Ao contrário de muitos outros, não conhecia Vasco Pulido Valente. Nem sequer alguma vez o vi. Fui simplesmente um leitor do Pulido Valente. No Independente, lia, religiosamente, as suas crónicas todas as semanas. Desde aí continuei sempre a ler o Vasco: no Público, no Diário de Notícias, na Atlântico, de novo no Público, no Observador e de novo no Público. Com a idade, as mudanças profissionais, de interesses e de vida, vamos deixando de ler muitos a quem no passado fomos fieis. O Pulido Valente foi o único cronista a quem fui sempre fiel. Era incapaz de não ler um artigo seu, e fazia-o sempre com atenção, interesse e até ao fim. Quando ele deixou de escrever no Público já há umas semanas, desconfiei que se passava alguma coisa. Continuava sempre com esperança que um sábado o seu Diário voltaria. Nunca mais voltou. O Público de sábado nunca mais será o mesmo.

Muitos sublinharam a “inteligência” do Pulido Valente, o seu “génio” e o seu “brilhantismo.” Era obviamente tudo isso, mas para mim tudo isso era secundário. A maior virtude de Pulido Valente era o seu amor pela liberdade. Vasco Pulido Valente era o homem mais livre que existia em Portugal. Escrevia e dizia sempre o que pensava, e sempre sem qualquer medo e sem calculismos. Nada nem ninguém o condicionava. Não percebi isso desde o início, mas quando entendi a minha admiração por ele aumentou e muito. Deixei de apenas apreciar o seu talento, e passei a admirar a sua atitude de intelectual livre e sem compromissos.

Nunca me preocupei se Pulido Valente era de direita ou de esquerda, socialista, liberal ou conservador. Nem sequer interessava se concordava ou não com os seus argumentos. Lia-o pelo gosto de ler um homem culto e com um talento único para a escrita; e lia-o pela admiração que tinha pela sua liberdade.

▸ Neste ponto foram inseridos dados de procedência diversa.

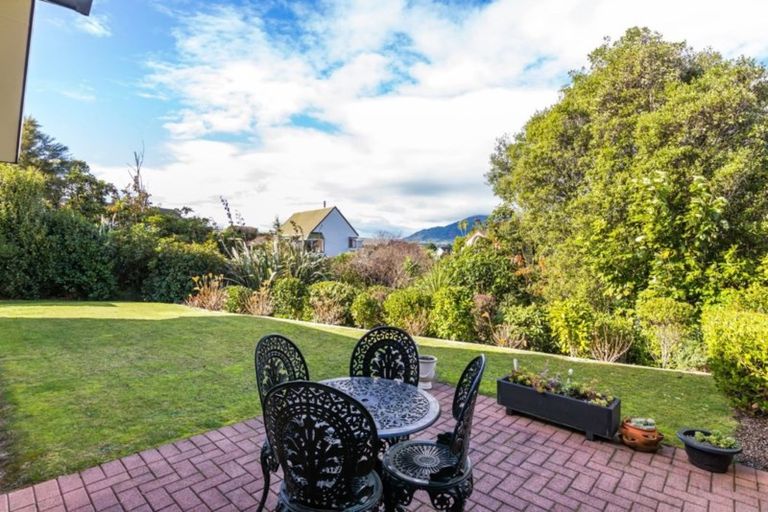 Photo of property in 45 Lakeridge Close, Rangatira Park, Taupo, 3330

Vivemos num país ondes muitos gostam de elogiar a liberdade, mas são poucos os que a praticam. Pulido Valente mostrava todas as semanas o que significa ser um homem livre. Numa democracia é fundamental existirem intelectuais livres. São eles que mostram que se vive numa sociedade livre. Para que serve viver em democracia se não houver liberdade? Pulido Valente mostrava todas as semanas que valeu a pena fazer o 25 de Abril, lutar pela vitória no 25 de Novembro, e continuar a resistir a todos aqueles que querem limitar a nossa liberdade. Sobre Pulido Valente, podemos dizer uma coisa sem risco de errar: esteve sempre do lado da liberdade. Este exemplo foi o seu maior legado para a vida intelectual e pública em Portugal.

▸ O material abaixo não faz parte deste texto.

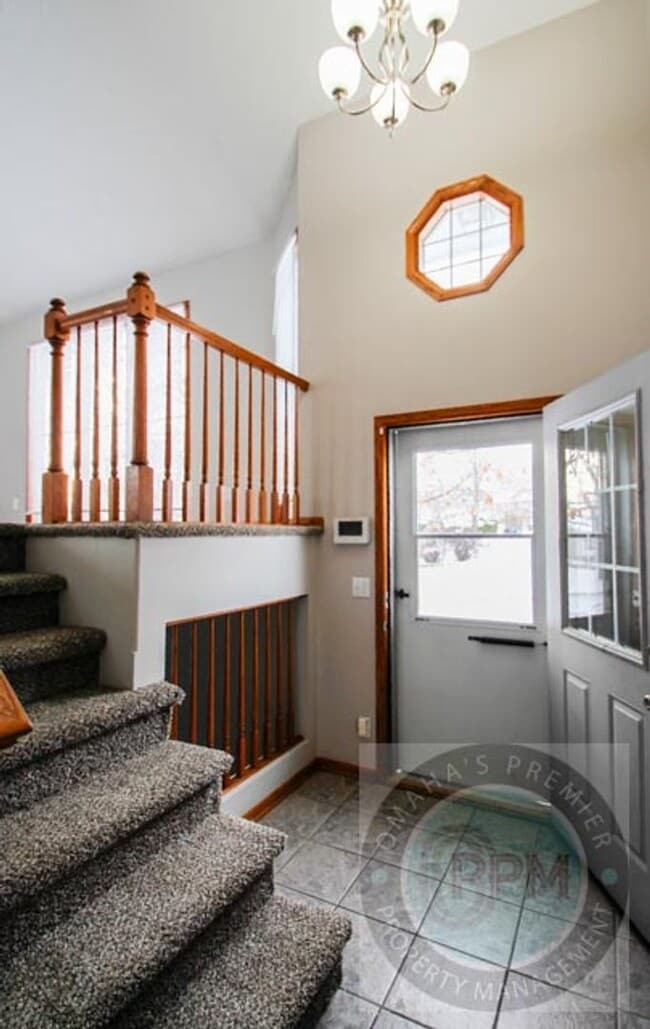 Building Photo - Comfortable and Cozy 3 Bedroom/2 Bath Home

Havia para mim um mistério em relação a Pulido Valente. Tinha feito o Doutoramento em Oxford, não entendo porque nunca quis mostrar os seus talentos fora de Portugal. Se tivesse publicado em inglês, teria sido um historiador ao nível dos melhores na Europa. Se fosse um cronista numa revista ou num jornal em Inglaterra, seria o melhor. Conheço bem os cronistas britânicos, não há hoje um melhor do que foi Pulido Valente. Talvez tenha sido falta de ambição, ou excesso de comodismo. Mas talvez tenha sido também o resultado do seu amor pelo nosso país.